Crosby, Malkin, Lidston, Zetterberg (man he’s good), Fleury, Osgood (man, whodathunk)… that’s what we want to see.


#5    Jeff Sullivan      (see all posts) 2008/05/29 (Thu) @ 16:36

We were thinking it would be funny if, after the ~6 minutes of continuous play, they reviewed the save and saw the puck cross the line, thereby negating all the action afterward. Couldn’t believe Fleury got his stick over there in time. Shades of Ryan Miller in Game 5 against Ottawa last May.

-----

Versus now is light years ahead of what it was, and what I feared it would continue to be. I’m still not a big fan of Joe Beninati saying “manpower advantage” ten times a game during the season, but the production is excellent, and they completely won me over when they started showing the CBC broadcast of playoff games. Like you said, they really do understand their market. It’s not big, but it’s demanding, and they’ve pulled through with flying colors.

-----

I wouldn’t go so far as to say that clutch-n-grab is “virtually gone from the game today” - I really couldn’t stomach a lot of the Western Conference games during the year for that very reason - but it’s definitely been reduced, and here in the finals it’s almost non-existent. Right now it’s all flow and all talent, and what do you know? It’s a lot more fun to watch. The passes. Oh, the passes.


#6    Tangotiger      (see all posts) 2008/05/29 (Thu) @ 16:58

Good point about the potential callback.  The most time I’ve seen on an actual callback was some 90 seconds, between the Devils and Rangers last year.  If you look at the PBP of that game, you’ll see they didn’t completely fix it, so you have 22 guys on the ice at some point (since the guys who actually played shouldn’t have been credited with playing because the clock was set back).  Calling back 6 minutes would have been… wow.

***

The clutch/grab I was refering mostly for the playoffs.  It’s a different game in the playoffs, as teams sit their goons. 

***

People may be surprised to learn that the goal review is done in the operations office in Toronto.  They are the ones who get the call, not like what the NFL does (making the ump huddle under that blanket).  There’s a handful of guys in there, so you are getting several camera angles and several people all looking at the goal, and they review every single one.

Some baseball fans are so scared of trying something new (I blame James Earl Jones).  If you were to create hockey from scratch, I don’t know that I’d be able to change many rules that would have much impact (I’d get rid of allowing the p.k. team in icing the puck) to the pace of the game or exposing the talented players from playing (I’d limit the number of goons/fights). 

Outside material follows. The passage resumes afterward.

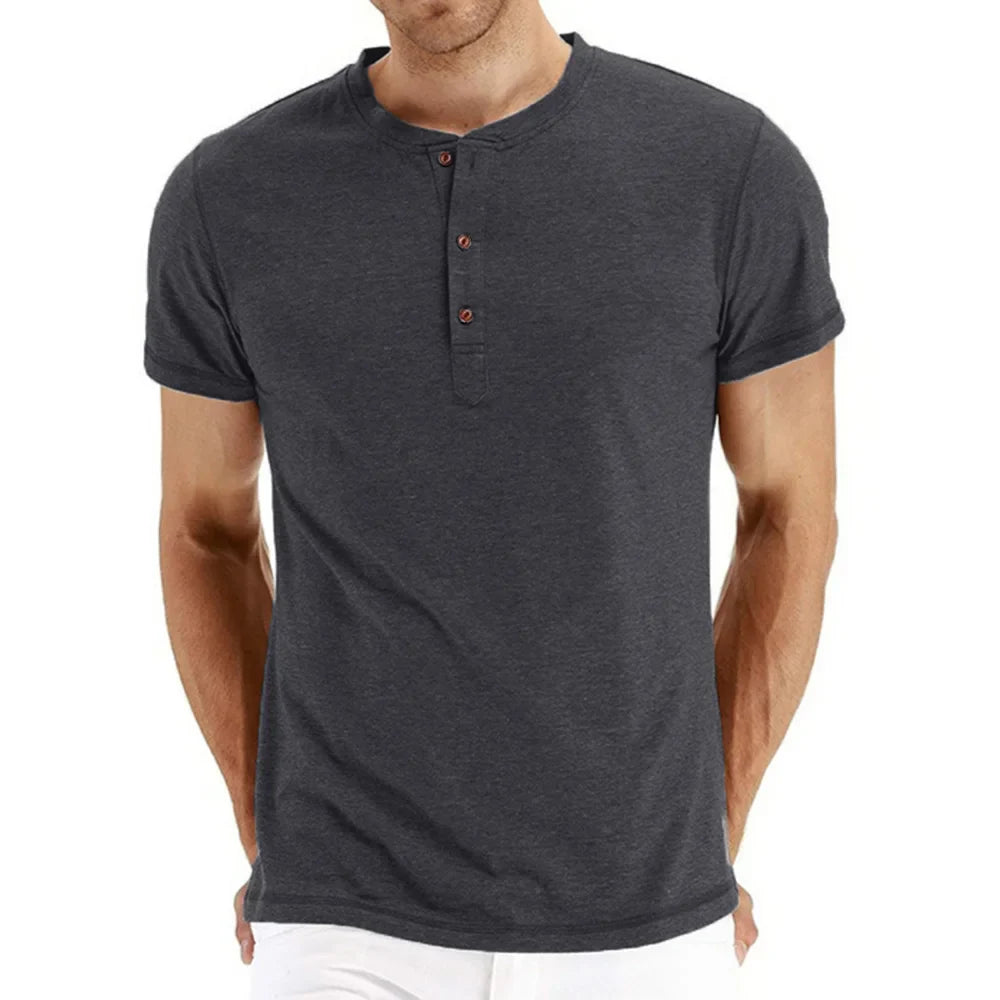 Ubatuba Men’s Henley Neck T-Shirt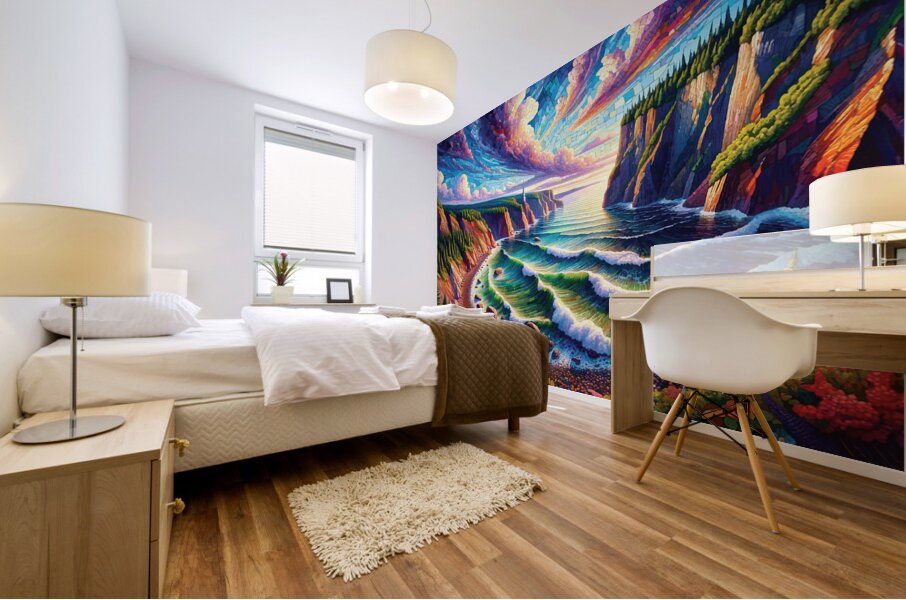 Bay of Fundy Nova Scotia:  Number  1 Mural print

In baseball, if starting from scratch, there’s alot of pace issues I’ve got.  A 9-inning game should be played in 2 hours, 2.5 tops.  I remember it was a big treat when I was a kid about seeing a double-header.  We’d look for those.  Now?  The idea of a double-header is nauseating.


#7          (see all posts) 2008/05/29 (Thu) @ 17:14

Funny you mention this.  I live in Boston, and Celtics fever is taking over.  They were in the midst of a crucial game 5 in the Eastern Finals, and I flipped to the hockey game with about 15:00 left in the third period.  Now I should say, I have played hockey all my life and normally do enjoy watching.

But that was insane.

I never went back to basketball, and just stuck with the hockey game.  I actually hit Record on my DVR around 10:00 (it preserves what you’ve watched so far as well) so that I could show it to my non-hockey-loving friends and show them how awesome the game is.  Unbelievable.

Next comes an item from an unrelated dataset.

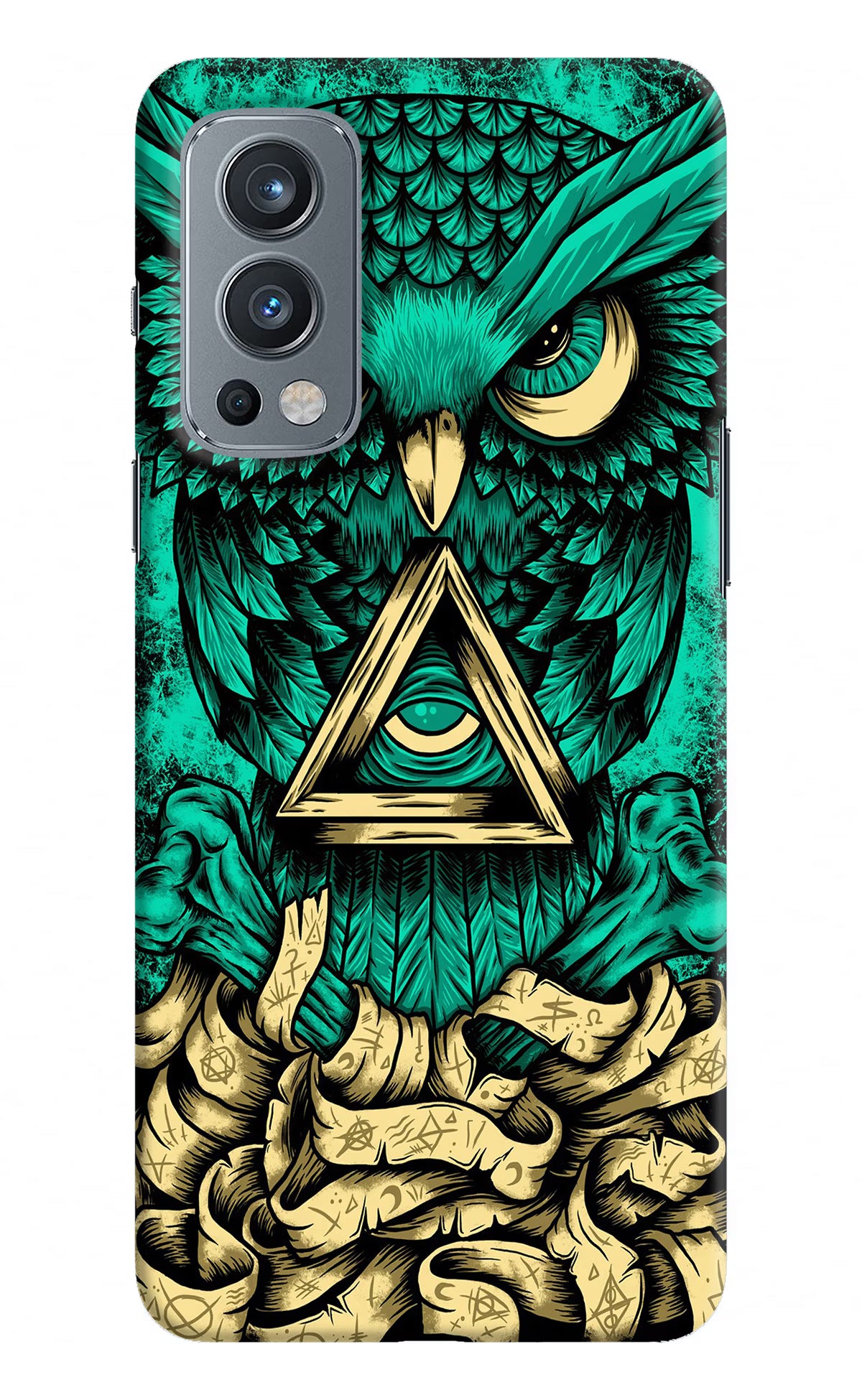 Green Owl OnePlus Nord 2 5G Hard Case Back Cover by Casekaro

Closest thing to that action was a few years ago in college, when the national championship game was a 1-0 game late in the third, and the team that was ahead got two penalties in the final minutes, leading to a 90-second SIX-ON-THREE with the national championship on the line.  I would have paid $10,000 to play that shift.


#8    Jeff Sullivan      (see all posts) 2008/05/29 (Thu) @ 17:45

Incidentally, the goalie that lost that 1-0 national championship (Jimmy Howard) is currently a Red Wing. Of sorts.